Photo: Dudley BonsalInterdisciplinary education has been an important goal across many academic units at JMU, but few showcase the potential for combining various sets of knowledge as effectively as the Integrated Science and Technology (ISAT) Department. ISAT strives to have faculty with experience in varied fields. With this goal in mind, ISAT and its Geographic Science (GS) Program welcomed Dudley B. Bonsal this semester. “I really feel at home here!” said Bonsal. “I’m looking forward to the opportunities available here at JMU.”

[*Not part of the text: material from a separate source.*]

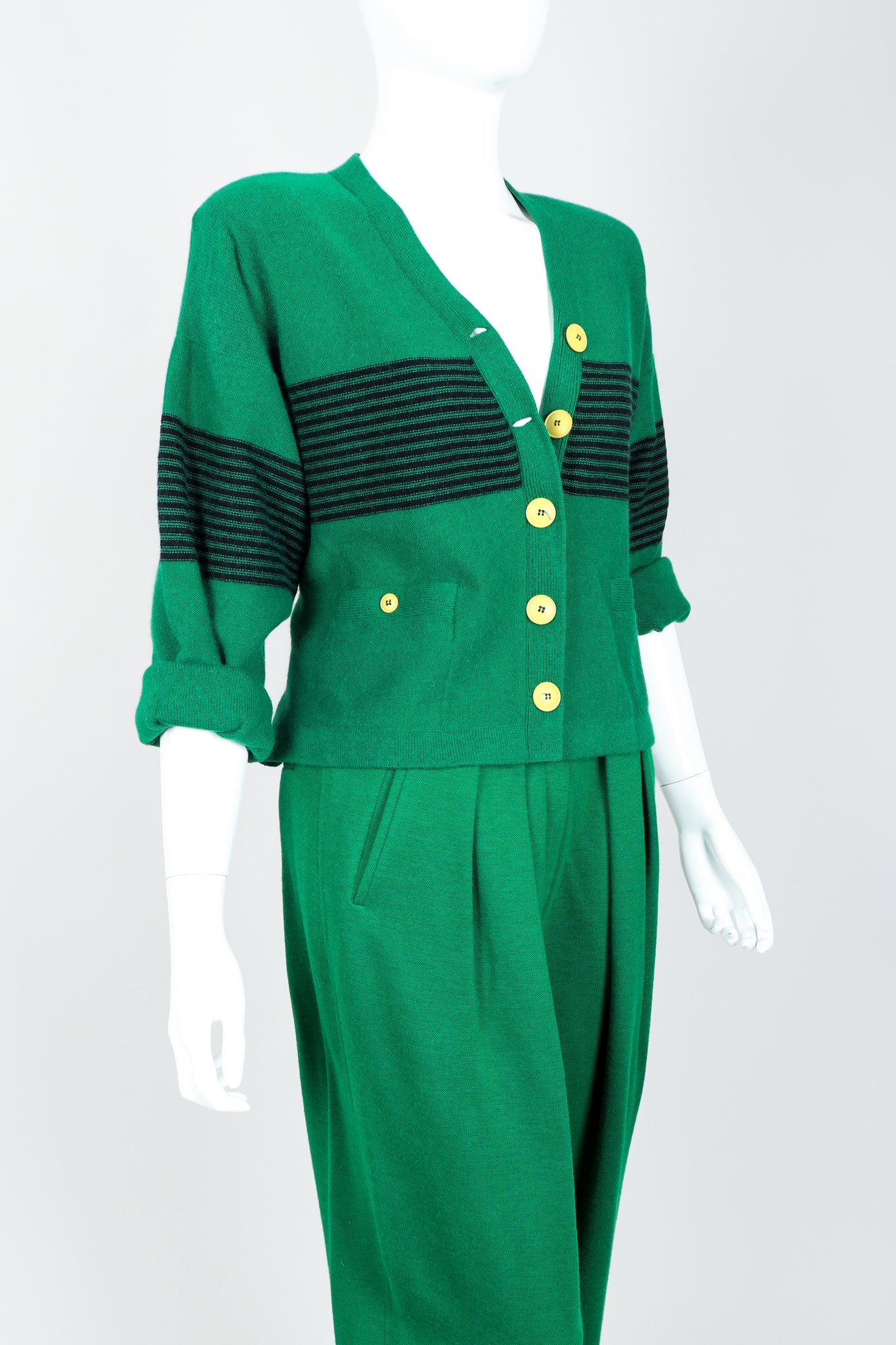Vintage Sonia Rykiel Green Collegiate Cardigan & Pant Set on Mannequin Cropped at Recess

Bonsal received a bachelor's degree in English from Tufts University in 1990 and then spent several years outside of academia. While working at the Charles River Watershed Association, a non-profit organization in Massachusetts, he started to use geographic information systems (GIS). “The goal with GIS is to dive deeper into data by way of mapping,” said Bonsal. “GIS also requires critical thinking to effectively analyze and visualize data.” This work experience led Bonsal to return to school to earn his M.A. and Ph.D. in Geography from the Ohio State University and the University of Minnesota respectively. While earning his Ph.D., Bonsal also worked as an instructor, teaching courses in GIS and advising senior projects. 

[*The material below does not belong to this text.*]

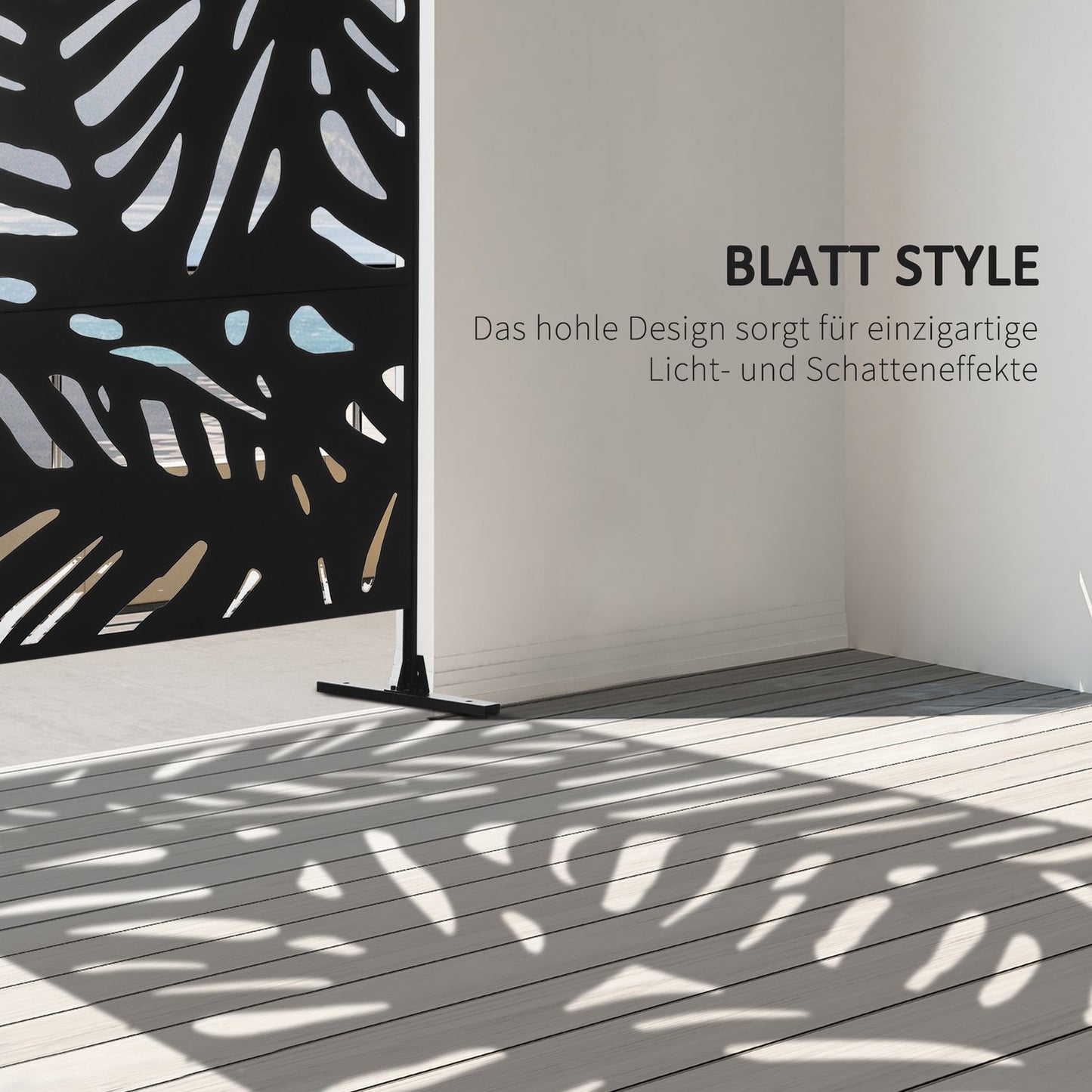 Steel Leaf Pattern Privacy Screen, 122x198cm, with stand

In addition to GIS, Bonsal has research interests in land use analysis, agent-based modeling, remote sensing, and cartography. “Cartography is more than just creating maps,” said Bonsal. “It involves using maps to communicate information or tell a story that can lead to new insights.” Bonsal’s dissertation focused on the mapping of flight departure patterns and the impact of aircraft noise on residential areas. His focus on noise springs from an interest in soundscapes. “A soundscape,“ he explains, “represents the acoustic component of the landscape and corresponds in interesting ways to surrounding land use and land cover patterns.” According to Bonsal, being at JMU offers the potential for region-based mapping projects that address land use and soundscapes. “We have the opportunity to conduct exciting research in the Shenandoah Valley given the proximities of the national park, urban areas, and rural farmland to one another.”

One of Bonsal’s biggest reasons for wanting to work at JMU was the interdisciplinary mission of ISAT and its GS program. “It’s important to have an intellectual arena where people with diverse ranges of expertise come together,” he says. Bonsal is currently teaching courses in cartography and GIS.